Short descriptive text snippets
************

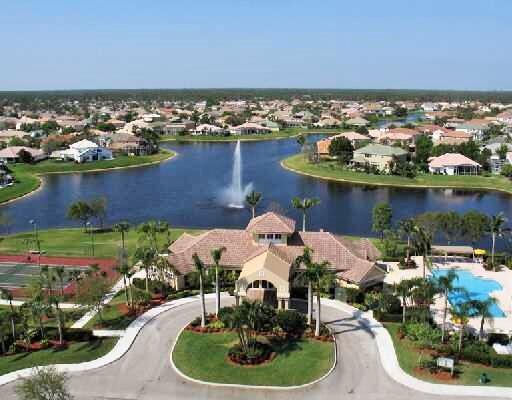 1228 Egret Circle S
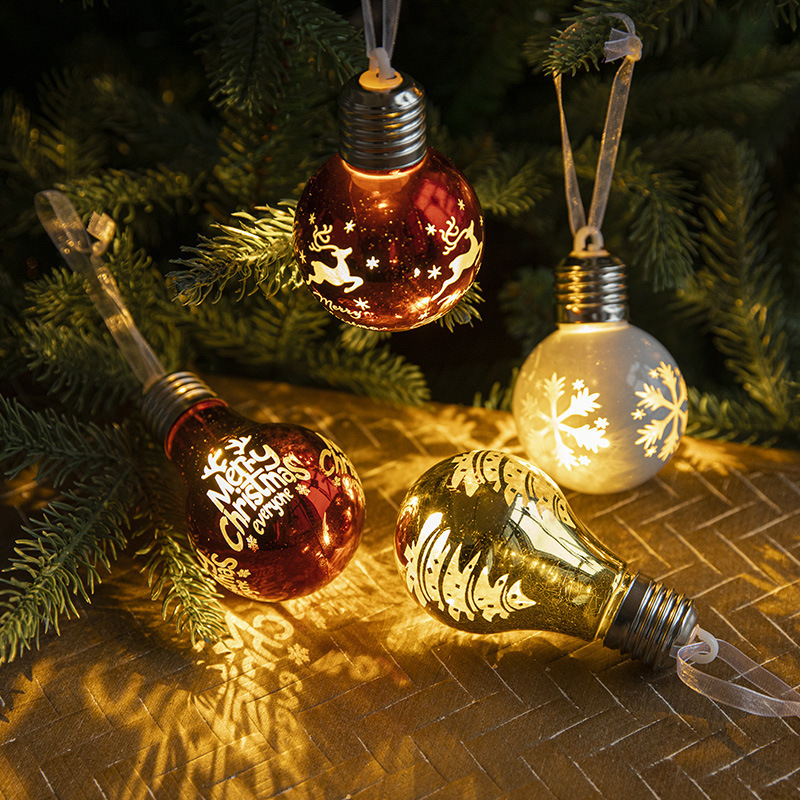 国境を越えた売れ筋のプラスチック製クリスマスボールクリスマスツリー発光ペンダント装飾電気メッキボールペンダント電球付き電球ボールペンダント|undefined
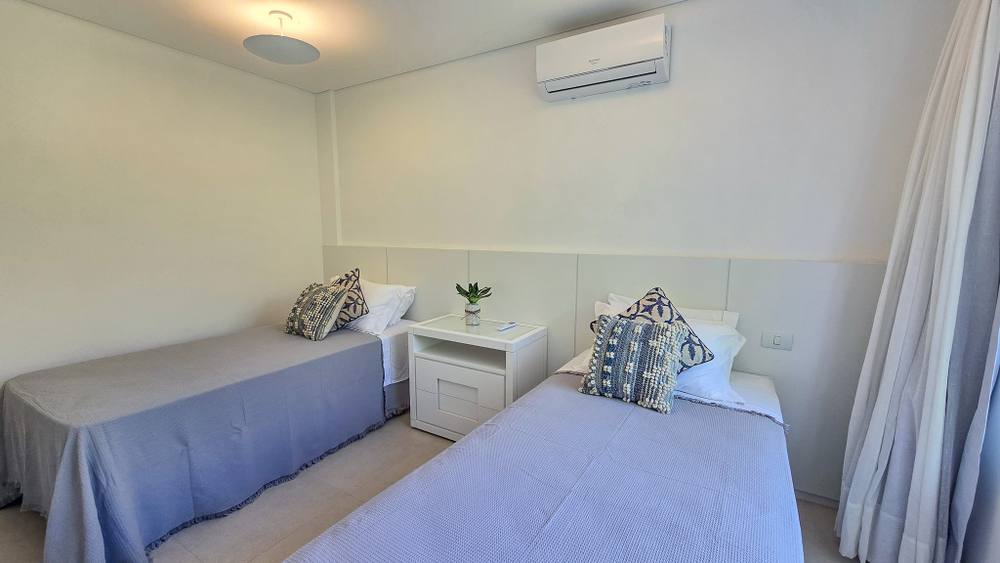 Casa no Condomínio Iporanga Guarujá — Villa 466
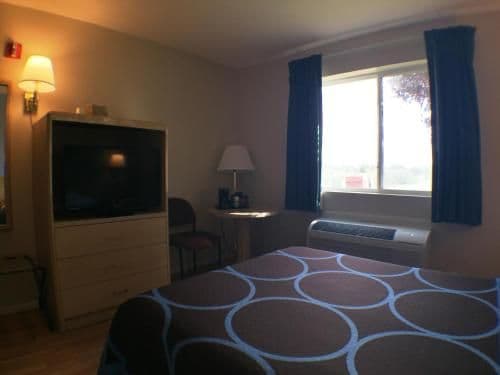 1 Double Bed, Mobility/Hearing Accessible Room, Bathtub with Grab Bars, Non-Smoking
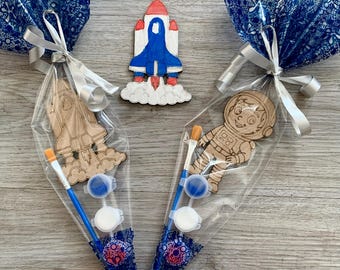 Space Party bag / space party wedding favours/ Space theme party bag/ Childrens Party bag paint/ party bag filler/ space birthday party cone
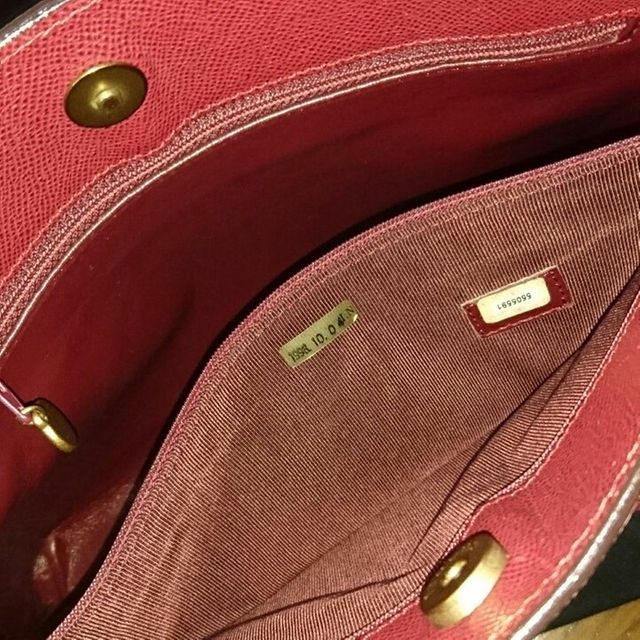 CHANEL(シャネル)のさらに値下げ CHANEL 美品 赤ショルダーバッグ レディースのバッグ(ショルダーバッグ)の商品写真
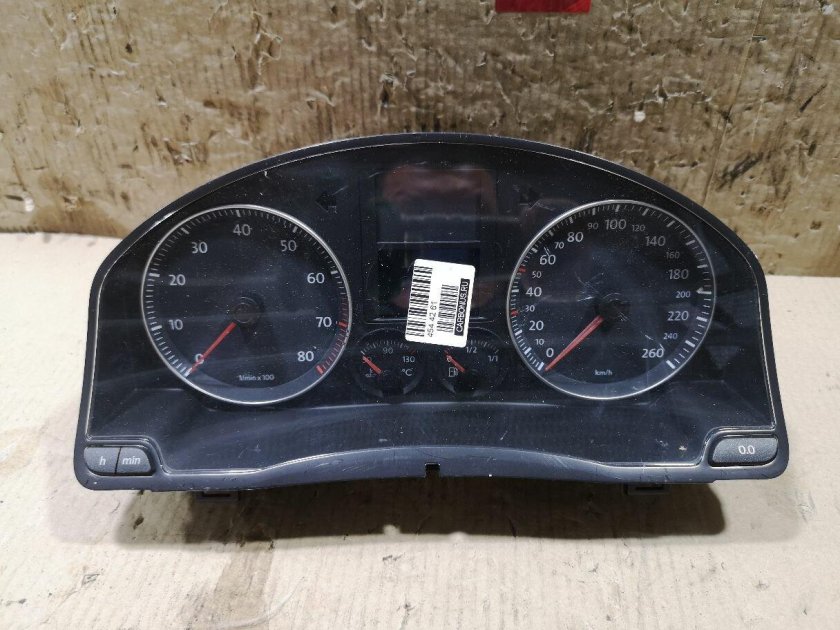 Спидометр Фольксваген Джетта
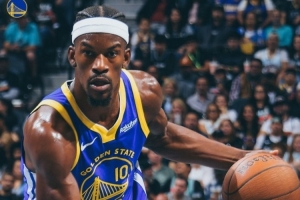 最后被帽真沒辦法！勇士官方發(fā)布贏球海報 巴特勒榮登封面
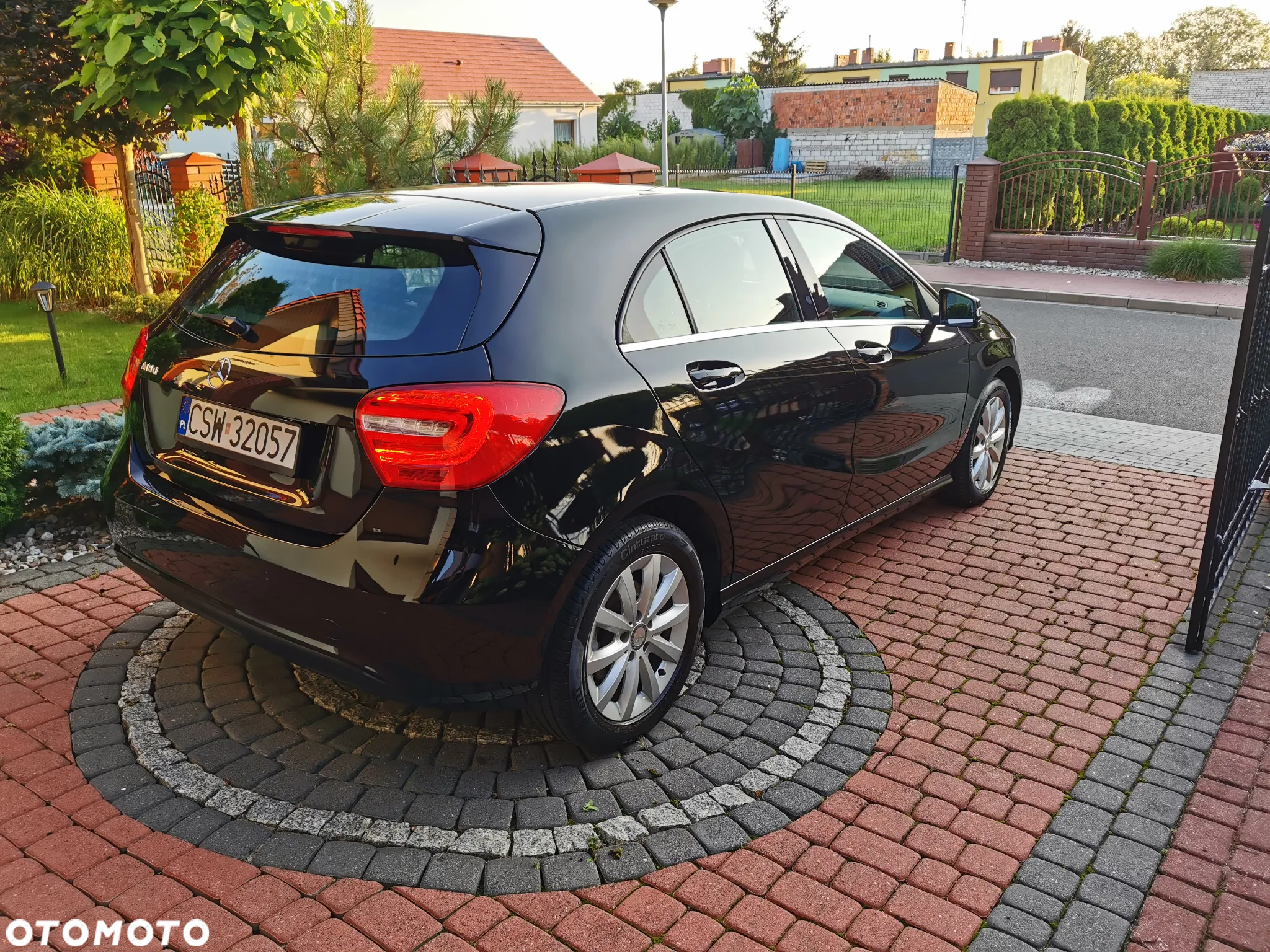 Mercedes-Benz Klasa A 180 Activity Edition - 6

************

§ **TRY IT**
Exercise for the records above: copy only the lines from the one with "国境を越えた売れ筋のプラスチ" to the one with "Space Party bag", both ends kept, and drop the pictures.

§ **ANSWER TO THIS EXERCISE**
 国境を越えた売れ筋のプラスチック製クリスマスボールクリスマスツリー発光ペンダント装飾電気メッキボールペンダント電球付き電球ボールペンダント|undefined
 Casa no Condomínio Iporanga Guarujá — Villa 466
 1 Double Bed, Mobility/Hearing Accessible Room, Bathtub with Grab Bars, Non-Smoking
 Space Party bag / space party wedding favours/ Space theme party bag/ Childrens Party bag paint/ party bag filler/ space birthday party cone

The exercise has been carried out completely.